WORK ORDER: In the data below, find the line that contains "Building Foundation Repair in Corbin, KY" and the line that contains "Vintage 1991 Seiko". Copy both, plus every line between them, exactly.

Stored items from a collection

§ §

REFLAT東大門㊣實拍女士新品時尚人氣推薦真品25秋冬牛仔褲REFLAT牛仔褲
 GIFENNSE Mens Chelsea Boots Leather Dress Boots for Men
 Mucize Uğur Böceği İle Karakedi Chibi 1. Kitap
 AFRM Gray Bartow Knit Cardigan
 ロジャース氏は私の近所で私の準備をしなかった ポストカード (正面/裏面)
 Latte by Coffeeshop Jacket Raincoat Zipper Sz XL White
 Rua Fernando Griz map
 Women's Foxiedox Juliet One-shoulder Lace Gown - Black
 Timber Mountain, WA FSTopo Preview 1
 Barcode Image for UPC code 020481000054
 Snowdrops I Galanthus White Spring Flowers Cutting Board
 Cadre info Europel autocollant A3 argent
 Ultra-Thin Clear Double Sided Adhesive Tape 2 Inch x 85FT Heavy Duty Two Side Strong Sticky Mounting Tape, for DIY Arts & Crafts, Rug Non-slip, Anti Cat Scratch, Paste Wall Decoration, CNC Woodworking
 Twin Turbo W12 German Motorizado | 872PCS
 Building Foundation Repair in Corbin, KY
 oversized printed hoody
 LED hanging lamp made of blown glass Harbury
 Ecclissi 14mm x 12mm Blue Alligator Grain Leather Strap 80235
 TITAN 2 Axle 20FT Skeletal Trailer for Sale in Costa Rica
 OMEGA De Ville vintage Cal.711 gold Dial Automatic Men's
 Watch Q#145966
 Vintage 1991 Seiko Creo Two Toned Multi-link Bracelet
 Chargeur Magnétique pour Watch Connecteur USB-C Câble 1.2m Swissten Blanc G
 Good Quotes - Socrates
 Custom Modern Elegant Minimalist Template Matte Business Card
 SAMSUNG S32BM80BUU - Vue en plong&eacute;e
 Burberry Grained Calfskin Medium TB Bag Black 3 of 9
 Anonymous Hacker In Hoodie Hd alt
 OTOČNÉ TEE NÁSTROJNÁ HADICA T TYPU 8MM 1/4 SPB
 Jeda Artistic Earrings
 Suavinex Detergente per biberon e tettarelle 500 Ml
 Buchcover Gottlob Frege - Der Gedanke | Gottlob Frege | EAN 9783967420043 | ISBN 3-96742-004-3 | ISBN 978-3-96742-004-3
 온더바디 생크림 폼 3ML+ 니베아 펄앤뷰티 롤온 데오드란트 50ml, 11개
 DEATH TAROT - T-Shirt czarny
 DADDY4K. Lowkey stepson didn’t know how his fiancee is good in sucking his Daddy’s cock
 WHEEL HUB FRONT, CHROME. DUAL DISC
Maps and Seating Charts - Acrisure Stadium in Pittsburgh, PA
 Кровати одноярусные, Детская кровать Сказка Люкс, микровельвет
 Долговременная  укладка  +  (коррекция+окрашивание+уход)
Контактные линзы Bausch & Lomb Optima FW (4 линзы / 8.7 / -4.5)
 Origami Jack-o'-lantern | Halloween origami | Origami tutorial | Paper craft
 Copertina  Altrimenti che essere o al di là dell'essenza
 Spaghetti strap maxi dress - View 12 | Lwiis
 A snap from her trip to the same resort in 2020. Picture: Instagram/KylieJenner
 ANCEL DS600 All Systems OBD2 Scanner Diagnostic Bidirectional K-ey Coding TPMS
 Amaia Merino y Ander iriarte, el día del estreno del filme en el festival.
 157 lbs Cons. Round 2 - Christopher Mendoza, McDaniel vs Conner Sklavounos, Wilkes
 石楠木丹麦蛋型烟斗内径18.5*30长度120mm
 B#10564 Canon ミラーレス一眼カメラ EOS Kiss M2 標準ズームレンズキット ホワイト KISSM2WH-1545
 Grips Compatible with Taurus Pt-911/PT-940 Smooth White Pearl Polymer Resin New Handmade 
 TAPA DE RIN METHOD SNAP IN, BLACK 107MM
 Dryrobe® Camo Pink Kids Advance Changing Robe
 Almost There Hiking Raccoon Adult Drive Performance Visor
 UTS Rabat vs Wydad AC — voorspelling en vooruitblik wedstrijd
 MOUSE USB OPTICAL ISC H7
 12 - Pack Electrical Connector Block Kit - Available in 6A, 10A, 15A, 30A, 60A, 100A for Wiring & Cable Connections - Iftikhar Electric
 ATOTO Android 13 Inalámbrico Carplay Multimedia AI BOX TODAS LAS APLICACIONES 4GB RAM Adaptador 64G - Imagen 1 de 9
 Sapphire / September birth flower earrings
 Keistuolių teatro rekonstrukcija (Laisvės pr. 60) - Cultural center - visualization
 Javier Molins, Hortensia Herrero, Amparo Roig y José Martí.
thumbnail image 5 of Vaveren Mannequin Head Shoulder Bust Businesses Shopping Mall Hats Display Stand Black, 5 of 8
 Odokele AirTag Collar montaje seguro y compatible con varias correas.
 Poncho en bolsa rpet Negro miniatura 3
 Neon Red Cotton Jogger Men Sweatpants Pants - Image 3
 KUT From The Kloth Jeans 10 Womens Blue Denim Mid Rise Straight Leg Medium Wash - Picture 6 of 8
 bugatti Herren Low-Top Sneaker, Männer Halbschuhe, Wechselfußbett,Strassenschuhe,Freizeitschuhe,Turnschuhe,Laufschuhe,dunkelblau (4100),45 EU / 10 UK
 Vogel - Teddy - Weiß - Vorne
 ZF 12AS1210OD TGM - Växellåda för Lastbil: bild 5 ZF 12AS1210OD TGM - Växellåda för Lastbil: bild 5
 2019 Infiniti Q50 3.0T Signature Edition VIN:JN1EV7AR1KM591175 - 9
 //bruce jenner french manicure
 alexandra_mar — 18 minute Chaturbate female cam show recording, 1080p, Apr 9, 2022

§ §

OUTPUT FOR THIS EXERCISE:
 Building Foundation Repair in Corbin, KY
 oversized printed hoody
 LED hanging lamp made of blown glass Harbury
 Ecclissi 14mm x 12mm Blue Alligator Grain Leather Strap 80235
 TITAN 2 Axle 20FT Skeletal Trailer for Sale in Costa Rica
 OMEGA De Ville vintage Cal.711 gold Dial Automatic Men's
 Watch Q#145966
 Vintage 1991 Seiko Creo Two Toned Multi-link Bracelet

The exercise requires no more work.